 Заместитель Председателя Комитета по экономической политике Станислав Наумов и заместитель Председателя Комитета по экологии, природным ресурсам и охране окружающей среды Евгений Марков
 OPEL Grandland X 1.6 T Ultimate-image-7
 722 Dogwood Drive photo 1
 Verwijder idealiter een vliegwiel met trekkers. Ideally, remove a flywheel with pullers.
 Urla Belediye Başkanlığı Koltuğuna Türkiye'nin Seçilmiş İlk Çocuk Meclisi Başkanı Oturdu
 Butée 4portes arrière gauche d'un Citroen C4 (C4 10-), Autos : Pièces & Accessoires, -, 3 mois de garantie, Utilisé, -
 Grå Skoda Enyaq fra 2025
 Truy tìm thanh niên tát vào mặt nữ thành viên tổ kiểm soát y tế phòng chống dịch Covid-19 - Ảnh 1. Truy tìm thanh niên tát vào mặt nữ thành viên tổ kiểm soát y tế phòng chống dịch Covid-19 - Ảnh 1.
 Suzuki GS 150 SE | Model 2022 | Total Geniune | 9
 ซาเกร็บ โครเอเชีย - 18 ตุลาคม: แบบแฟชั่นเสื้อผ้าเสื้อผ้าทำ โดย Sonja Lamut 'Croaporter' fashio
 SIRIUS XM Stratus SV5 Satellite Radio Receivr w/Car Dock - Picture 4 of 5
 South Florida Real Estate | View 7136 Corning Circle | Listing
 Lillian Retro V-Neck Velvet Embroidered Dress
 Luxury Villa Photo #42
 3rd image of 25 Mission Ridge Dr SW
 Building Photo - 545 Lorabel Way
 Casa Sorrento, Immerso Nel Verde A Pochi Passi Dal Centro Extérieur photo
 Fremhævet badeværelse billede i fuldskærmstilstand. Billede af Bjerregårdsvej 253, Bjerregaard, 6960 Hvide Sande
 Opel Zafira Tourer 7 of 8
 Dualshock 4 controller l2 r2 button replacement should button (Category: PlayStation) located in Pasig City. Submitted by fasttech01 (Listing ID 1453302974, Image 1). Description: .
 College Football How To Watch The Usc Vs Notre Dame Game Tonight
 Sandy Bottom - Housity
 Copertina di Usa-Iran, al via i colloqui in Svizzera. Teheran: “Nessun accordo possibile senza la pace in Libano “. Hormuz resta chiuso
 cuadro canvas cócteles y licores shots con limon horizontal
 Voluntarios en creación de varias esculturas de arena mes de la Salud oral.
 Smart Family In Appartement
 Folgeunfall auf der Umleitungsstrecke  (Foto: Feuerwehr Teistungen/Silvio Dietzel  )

## TASK TO COMPLETE
In the records above, find every line that contains the word "Listing" and copy it.

## WRITTEN ANSWER
 South Florida Real Estate | View 7136 Corning Circle | Listing
 Dualshock 4 controller l2 r2 button replacement should button (Category: PlayStation) located in Pasig City. Submitted by fasttech01 (Listing ID 1453302974, Image 1). Description: .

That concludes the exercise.